Indian Rupee to End Year as Asia’s Worst Performing Currency | Business and Economy News
Foreigners have sold $4 billion worth of shares as concerns over the Omicron virus variant disrupt global markets.
The Indian rupee is set to end a tumultuous year as Asia’s worst performing currency as foreign funds flee domestic equities.
The currency fell 2.2% this quarter as global funds withdrew $4 billion in capital from the country’s stock market, the most among regional markets where data is available.
Foreigners sold Indian shares as Goldman Sachs Group Inc. and Nomura Holdings Inc. recently lowered their outlook for the shares, citing lofty valuations, at a time when concerns over the omicron virus variant are stirring global markets. The record trade deficit and central bank policy divergence with the Federal Reserve also eroded the rupee’s carry appeal.
“The divergence in monetary policies and the widening current account gap have led to a depreciation of the rupee in the short term,” said B. Prasanna, head of global markets, sales, trade and research at ICICI Bank Ltd in Mumbai.
Rupee depreciation is a double-edged sword for the Reserve Bank of India. While a weaker currency may support exports amid the nascent economic recovery from the pandemic, it also poses the risk of imported inflation and may make it difficult for the central bank to keep interest rates at record highs for longer. .

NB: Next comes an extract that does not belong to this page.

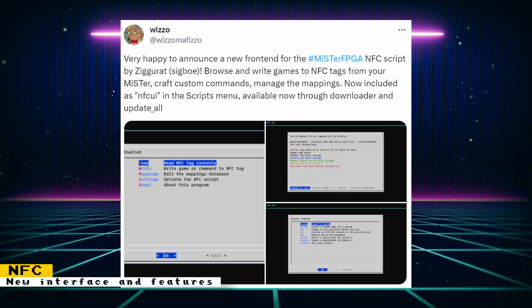Wizzle's NFC script has a new front end thanks to Ziggurat. We were previously shown a work-in-progress front end that can browse and write games to NFC tags straight from your MiSTer. Now that interface is officially available. Other new features include the ability to craft custom commands, manage the mappings, and support for LEGO Dimensions tags has been added by GazJ. The script is also available through Update All, so make sure to enable Wizzle extensions in the Update All settings. If you want an overview of the NFC script, then check out my video covering it.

QuantArt Market Solutions expects the rupee to drop to 78 to the dollar by the end of March, topping the previous high of 76.9088 set in April 2020, while a Bloomberg survey of traders and analysts predicted the rupee at 76.50. The rupee is expected to fall around 4% this year for a fourth consecutive year of losses.
Stocks on the edge
The foreign exodus from stocks led the benchmark S&P BSE Sensex index to fall about 10% below an all-time high reached in October. Despite this, the one-year forward price-to-earnings ratio for the Sensex is close to 21, compared to 12 for the MSCI Emerging Markets Index, meaning stocks may still fall. Bonds saw $587 million outflows this quarter.
Bearish calls for the rupee rise as India’s trade deficit widened to a record high of around $23 billion in November amid higher imports. The abundance of liquidity in the banking system, partly created by the RBI’s purchases of dollars, could make it difficult for the central bank to intervene to the same extent in 2022 to limit the losses of the rupee, according to Goldman Sachs.
However, not everyone is pessimistic. A likely reversal in foreign inflows in the next quarter due to stock sales in companies such as Life Insurance Corp. of India, billed as India’s largest initial public offering, could dampen the rupee, according to UBS AG.
The rupee gained 0.2% on Monday to 75.9163 to the dollar amid speculation that the central bank had intervened to limit the rupee’s losses.
Beyond the temporary surge in the dollar/rupee expected over the next four to six weeks, “we see the timing flows and favorable seasonality in the first quarter current account coming into play,” said Rohit Arora, market strategist Asian emerging markets at UBS. . “As long as oil remains subdued, the rupee should end the year below current levels, possibly in the 74-75 range.”